STEFANY RETTORE GARBIN**

O livro Filosofia da Educação: Construindo a Cidadania, de Antonio Joaquim Severino


(1994), da coleção “Aprender & Ensinar”, é uma reposta para a situação problema em que se
encontra a educação. O livro apresenta métodos, atividades e conteúdos que explicam desde a
situação atual da educação, suas mediações e relações com poder, cultura, trabalho, cidadania,
até os rumos que a educação tende a seguir e quais os verdadeiros objetivos que os
educadores devem buscar. Severino é doutor em Filosofia e professor de Filosofia da
Educação na Universidade de São Paulo.
Em um primeiro momento o autor procura mostrar como se dá a formação dos
educadores. Ele aponta as necessidades de vários núcleos de aprendizagem para que o
professor compreenda o sentido de sua atuação. Por último, ele apresenta o núcleo filosófico,
nele estão presentes questões que as ciências da educação não abrangem: conhecimento,
valores e condição de existência humana. Severino critica a sua pouca ou nenhuma aparição
nos currículos de Licenciatura. Após uma explicação sobre a tridimensionalidade do processo
educacional, ele comenta que os atuais currículos de formação de educadores não são
suficientes para que sejam alcançados os objetivos na formação de educador.

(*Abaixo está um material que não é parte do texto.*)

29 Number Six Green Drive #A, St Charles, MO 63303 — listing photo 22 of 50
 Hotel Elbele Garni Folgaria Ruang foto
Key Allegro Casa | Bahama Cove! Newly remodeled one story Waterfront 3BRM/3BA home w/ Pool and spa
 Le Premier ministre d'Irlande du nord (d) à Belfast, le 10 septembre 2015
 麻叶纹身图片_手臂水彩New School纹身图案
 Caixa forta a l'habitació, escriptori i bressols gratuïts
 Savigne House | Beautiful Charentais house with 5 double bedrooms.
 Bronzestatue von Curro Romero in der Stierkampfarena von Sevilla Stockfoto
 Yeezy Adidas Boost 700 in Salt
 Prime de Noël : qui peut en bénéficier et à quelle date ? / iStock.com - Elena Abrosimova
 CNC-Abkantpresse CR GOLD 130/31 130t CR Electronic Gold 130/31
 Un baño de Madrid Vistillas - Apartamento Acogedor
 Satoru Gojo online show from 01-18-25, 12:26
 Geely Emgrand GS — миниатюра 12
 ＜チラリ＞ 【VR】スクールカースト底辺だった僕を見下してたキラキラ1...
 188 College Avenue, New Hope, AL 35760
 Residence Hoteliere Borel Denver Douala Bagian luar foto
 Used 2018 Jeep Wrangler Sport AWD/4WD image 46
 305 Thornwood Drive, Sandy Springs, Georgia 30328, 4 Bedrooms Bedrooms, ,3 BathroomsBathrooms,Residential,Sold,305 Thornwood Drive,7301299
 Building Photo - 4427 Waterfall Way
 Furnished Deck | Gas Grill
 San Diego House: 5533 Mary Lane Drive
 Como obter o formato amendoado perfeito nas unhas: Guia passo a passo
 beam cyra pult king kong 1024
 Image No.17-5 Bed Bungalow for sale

Antes de mostrar os objetivos na formação e prática do professor, o autor relembra o
papel da própria Filosofia. Ele expõe as três principais correntes da disciplina e sua ação sobre
a educação. O caráter essencialista da Filosofia, que é forma metafísica de pensar e a visão da
educação como atualização das potencialidades humanas. Posteriormente, o caráter
naturalista, o modo científico de pensar e ensinar. E por ultimo, a inserção deste homem
metafísico e natural no contexto histórico e social. Onde o sujeito passa a ser objetivado e a
educação é vista como processo de formação de uma nova consciência. A partir disso, ele
propõe uma visão antropológica da Filosofia, sendo esta a busca da condição humana em seu
contexto histórico. Pois, segundo ele, não se pode pensar o homem como modelos da natureza
ou da metafísica, é preciso vê-lo sob mediações histórico-sociais. Assim o autor apresenta a
importância da filosofia da educação nas grades curriculares para o crescimento humano do
educador. Posto isso, ele retorna à tríplice tarefa da Filosofia: de formação política, cientifica
e filosófica. Para ele, o professor precisa ter extremo domínio destes conhecimentos para ser
capaz de educar.
No entanto, o autor pensa que é preciso compreender também as relações de mediação
que o homem estabelece. Ele sugere que pensemos o ser humano através de sua prática e
questiona a confusão que por vezes é feita, entre subjetivo e real. Dito disso, ele apresenta as
três faces das práticas dos homens: o agir sobre a natureza o relacionar-se com o semelhante,
a representação simbólica da realidade e a intencionalidade da própria prática. Sendo essa
última mediadora de todas as outras. Segundo ele, saber o que é o homem é caracterizá-lo
através das práticas que ele desenvolve nessas três dimensões. Mas ele aponta que, apesar de a
vida ser baseada na produção e na comunicação simbólica, para que elas se desenvolvam é
preciso também infra-estrutura econômica e social.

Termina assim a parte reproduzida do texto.